1) Como visto já em A música de uma vida, de Andrei Makine, a ideia do esconderijo ocupa uma posição de destaque no universo totalitário - é o espaço de resistência por excelência e,
simultaneamente, a imagem mais bem-acabada do medo, da fuga, da
impossibilidade de seguir adiante. O homem do subterrâneo de Dostoiévski ganha outra dimensão, amplia seu pesadelo solipsista em direção a uma tragédia global, inabarcável, irrepresentável.
2) Em Libertação, de Sándor Márai, o drama se passa quase que inteiramente dentro de um porão - um esconderijo com dezenas de pessoas amontoadas, compartilhando odores, dejetos e a espera. Os russos estão chegando a Budapeste - trazendo a ainda desconhecida e amarga "libertação". Os alemães estão encurralados e podem decidir metralhar a todos antes da retirada.

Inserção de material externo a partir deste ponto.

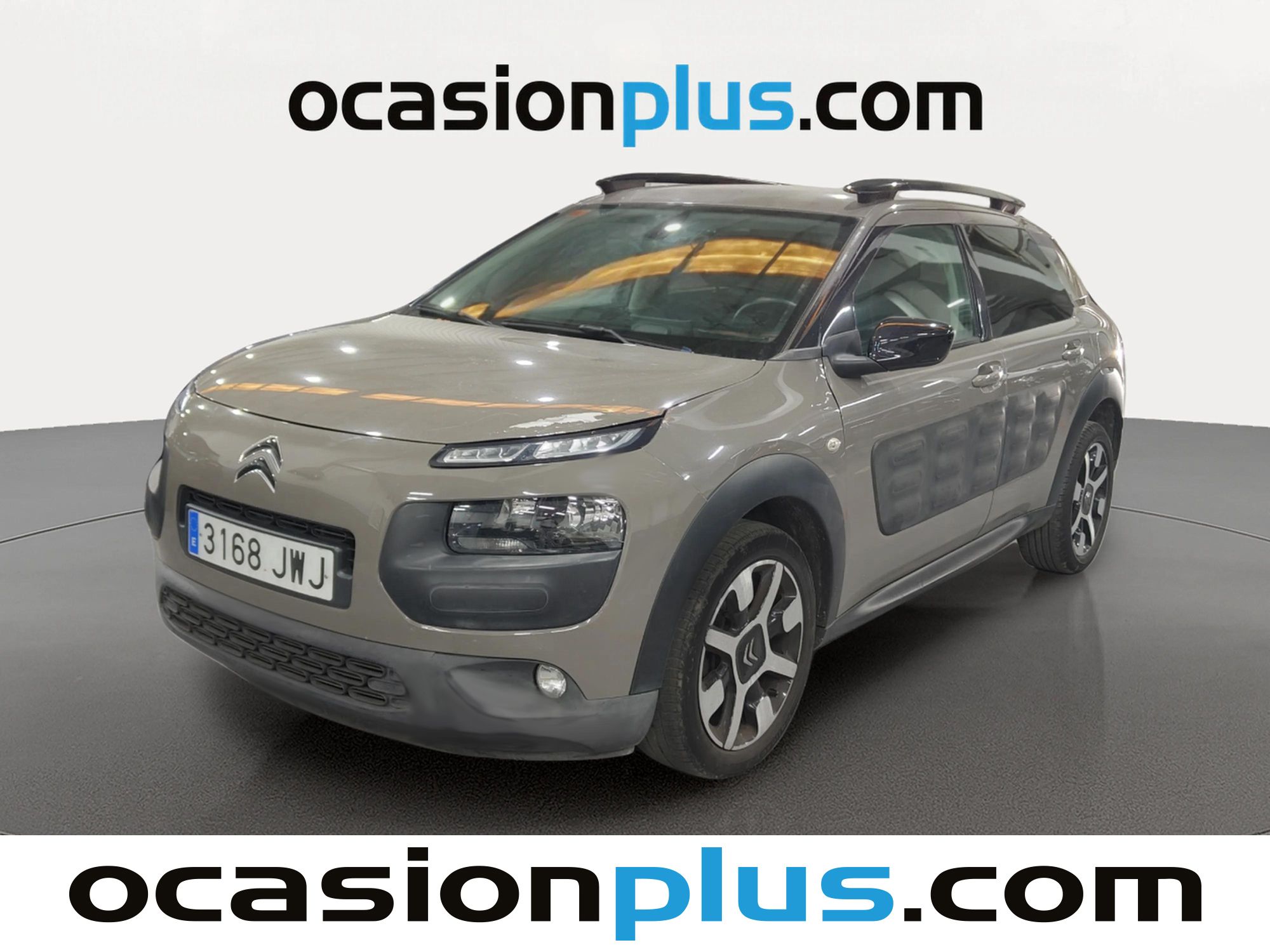 citroen-c4-cactus-puretech-82-feel-edition-82-cv-en-madrid-a1bcb31a623415de2d149c472a472990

3) A agonia do esconderijo, sua carga ambivalente - morte e libertação sempre em paralelo, junto com a incerteza e a esperança. "Não se pode olhar dessa forma para as pessoas. Os animais vivem melhor", fala Erzsébet, a protagonista de Márai: "Agora sinto que algo está acontecendo. Não sou bolchevique, mas sinto, entende? Sinto com meu corpo que os russos vão trazer algo, que vamos sair, o senhor e eu, e todos os outros, judeus, cristão, proletários, senhores, vamos sair dos porões, vamos voltar para a superfície da Terra, e tudo será melhor".